I think this would be an interesting question to explore.

Sadaharu · April 4, 2024, 6:22am

I prefer reverse komi to handicap stones. I think they make more sense and still allow for a “normal” game to be played

gennan · April 4, 2024, 7:49am

I think such situations are quite rare, but if they are completely balanced and they play with nobody else, I think they should have the same rating. What would be wrong with that?

When aiming for an expected winrate range (like 25-75%), you can search for players with ratings within some Elo distance. That won’t be too hard.
With Glicko2 you may need a slightly more complicated search with more parameters. I don’t know what those calculations should look like.

Reverse komi handicap has been discussed before. I think reverse komi games would just fit in the handicap system when you use 2 times perfect komi per full handicap stone.

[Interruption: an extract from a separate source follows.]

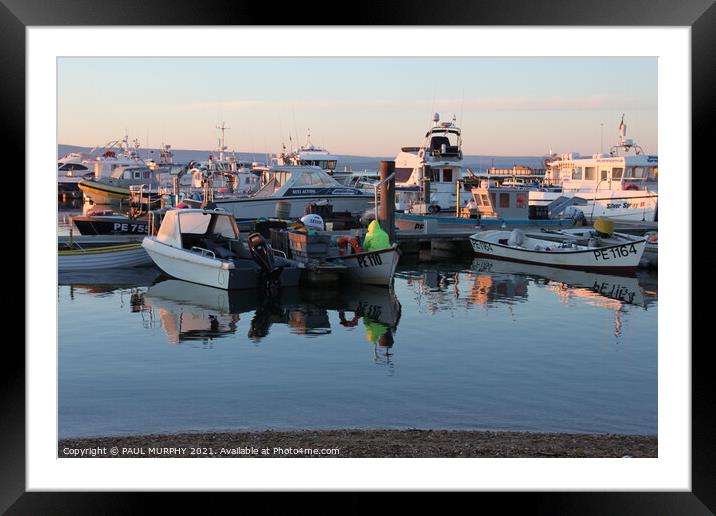 Harbour life Framed Mounted Print by PAUL MURPHY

Jon_Ko · April 4, 2024, 9:41am

That’s one answer to my question, but it imposes a limit on the difference in player strength and leads to questioning, whether such a limit is necessary.

richyfourtytwo · April 4, 2024, 12:59pm

Without handicap that should be pretty rare, I agree.

In our local club we had our own ranking system between 4 regulars, which worked fine. It was somewhat stable with some fluctuations and when we played small tournaments everyone had a chance to win. When one player left it collapsed though. It was still stable, but too much so, because we always had that A>B>C>A situation. The reason was we were 2 players about 5 ranks apart and the 3rd about 10 ranks lower. I was the middle one, but I was ‘better’ at trying unusual (read: nonsensical) stuff against the large handicap (on 9x9 or 13x13). So I alway won with white and always lost with black against the stronger player, who again, with his reasonable moves was helpless against the even larger handicap. In hindsight it is possibly ever more surprising that it worked well with 4 player, where number 4 was still about one stone weaker.

(Edit: many embarassing typos fixed. Enjoy the remaining ones.)

gennan · April 4, 2024, 5:53pm

I thought you were asking about finding opponents for an even game, where the expected winrate is not too far from 50%. So I proposed to look for opponents that are within some range of players strength. But now it seems that this is not what you want.
To me this seems like a paradox, so I suppose I misunderstood your first question.

Jon_Ko · April 4, 2024, 8:34pm

I’m not requiring even games (in the sense of no handicap). And I just wanted to give an example question for what this thread could focus on, because I think my initial post (which originally belonged to a different thread) doesn’t do a good job at eliciting a fruitful discussion.

gennan · April 4, 2024, 8:46pm

Currently OGS allows players to find an opponent within some rank range.
I suppose this could be modified to find an opponent within some expected winrate range, where handicap can be allowed as an option.
So when you select a 30-70% range, the system might come up with a 3 stone game against an opponent who is 5 ranks stronger.
Or you select a 80-90% range (because you like to win) and the system might come up with a game where you get 2 stones handicap against an opponent who is 2 ranks weaker.

Do you mean something like that?

Jon_Ko · April 4, 2024, 9:06pm

That’s an interesting idea, give the users the option to decide themselves what they think is “a decent chance of winning”.

Another option would be to say “only trying to get as close to a 50-50 chance of winning is decent”. And then – as an example – we’d maybe need a komi of 3.5 (if white is just slightly stronger than black).

slowthought · April 23, 2024, 9:47pm

I see no problem with negotiating an appropriate handicap for a game, but there must be reasonable limits. Surely, @gennan, you were being sarcastic?

Then again, I don’t have a standard of “appropriate” that is easily coded.

gennan · April 24, 2024, 5:27pm

Not really, but I suppose that if you select 80-90% range you’'ll probably have to wait a while for an opponent who accepts a game with them having 10-20% win expectation.

Uberdude · April 24, 2024, 5:33pm

OGS starting a subs and doms matchmaking service?

Jon_Ko · April 24, 2024, 6:04pm

So far it’s just @gennan’s interpretation of what I said. Neither he, nor I are advocating it, let’s keep that in mind.